# pros and cons of ready mixed mortar vs the powder you mix for tile flooring



## chandler48 (Jun 5, 2017)

Absolutely apples and pears. Don't use the premixed stuff. Mix it yourself so you can get the proper consistency.


----------



## FrillyLily (Jun 4, 2012)

Okay, that is what I was afraid of. Would be so much easier and less mess to buy it pre-mixed, but that would be too easy of course! Thank you!


----------



## chiraldude (Nov 16, 2013)

Premixed stuff is basically sand mixed with adhesive (glue). 
The stuff in the bags is call thinset mortar. It is real cement. 
Premixed depends solely on the water based adhesive drying out in order to harden. If the tile is going over a waterproof surface then it could take weeks for it to cure. 
Cement based thinset starts curing as soon as it gets wet and drying is not required for it to cure. The premix never gets as hard as cement.


----------



## czizzi (May 28, 2018)

Anything that can sit on a shelf in a store for a year and not harden is probably not something that you want under your tile. Given that, even if you read the instructions on the premixed product it will state that it is not recommended for wet areas or for tiles over 6x6.
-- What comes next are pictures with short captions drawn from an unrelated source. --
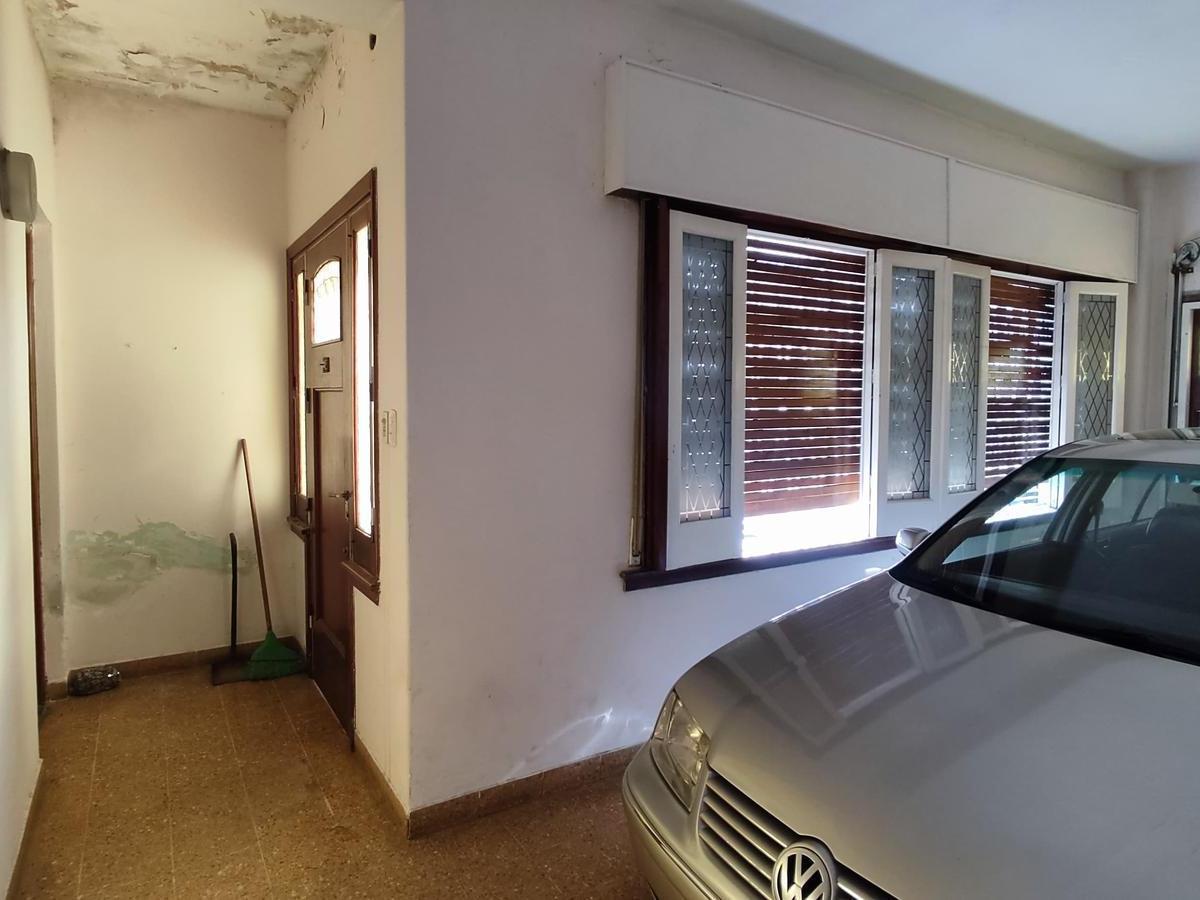 Casa en Moldes al 200, Llavallol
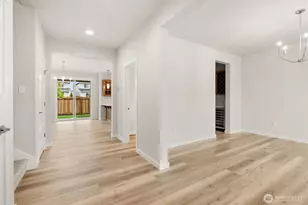 9001 Wyatt Ct SE, Tumwater, WA 98501 - Photo 5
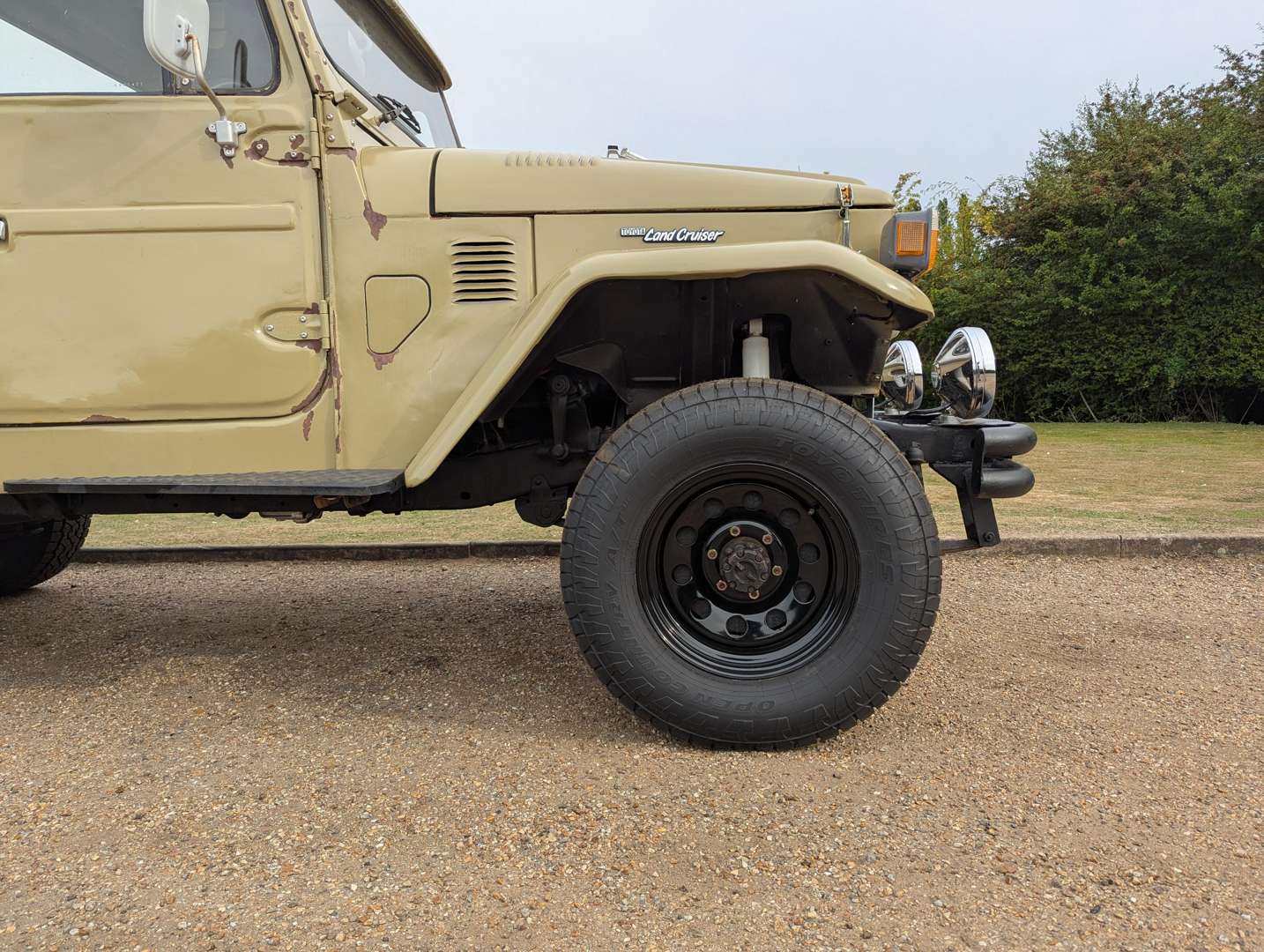 <p>1980 TOYOTA LAND CRUISER</p>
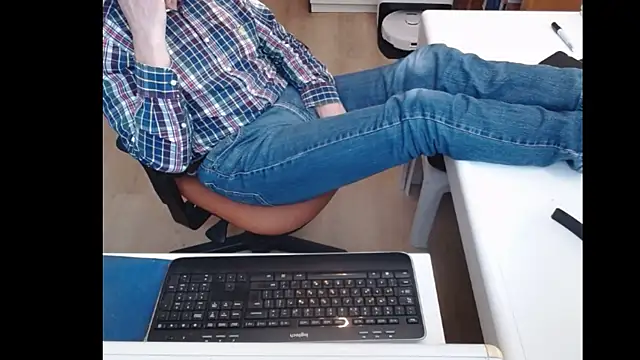 Snapshot of dutchpornking chatting on March 15, 1:29 pm dutchpornking online show from March 15, 1:29 pm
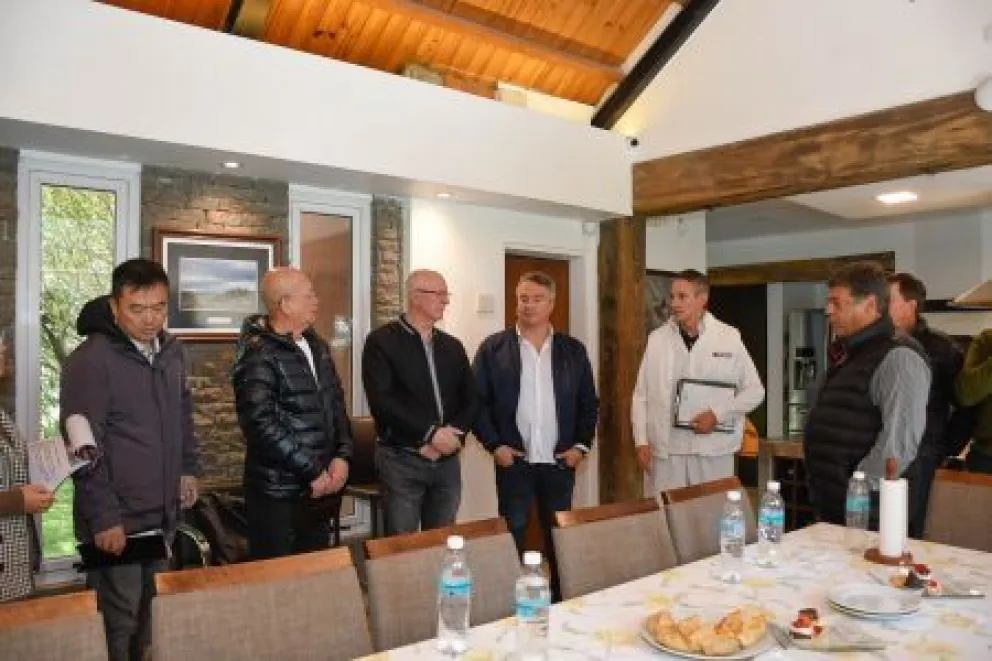 Empresarios chinos comieron guanaco y destacaron su potencial cárnico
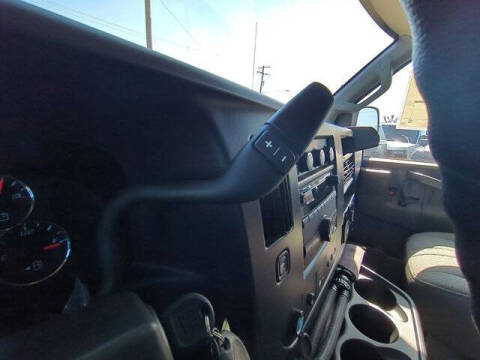 2025 Chevrolet Express 2500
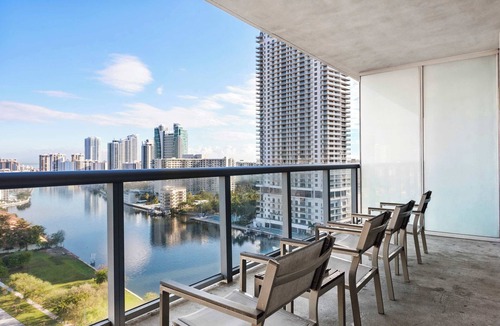 Hallandale Beach Apartment | Steps to the Sand - Beachside Services -18th Floor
Thinset mixed from a powder is not that hard to work with. Mix smaller batches for less waste, cures by chemical reaction not evaporation, and is just as smooth. I have never used premixed and can say that powdered is very user friendly. Just need a basin to mix, a bucket for water, a trowel to blend and you are good to go.


----------



## FrillyLily (Jun 4, 2012)

well the idea for us was that my husband is going to lay the tile on his vacation time off, so I thought it might save him some time if we didn't have to mix. We also have cold weather right now so going in and out mixing is going to not be ideal. Wish we could have had did this earlier in the year, but it has to get finished. I do think the powder is the way to go, but just wanted to consider the other just in case it might work. Thanks for your reply!


----------



## czizzi (May 28, 2018)

There is no need to mix the powdered version outside. You just have to put down a drop cloth under your mixing area and can do it indoors near your work area.


Eitherway, 12x12 tiles are not recommended to be used with premix. You can read the manufacturer's spec if you want.


----------



## FrillyLily (Jun 4, 2012)

I did not know that about the tile size, so sounds like my question is moot altogether. Yes maybe we could set something up to mix it indoors.


----------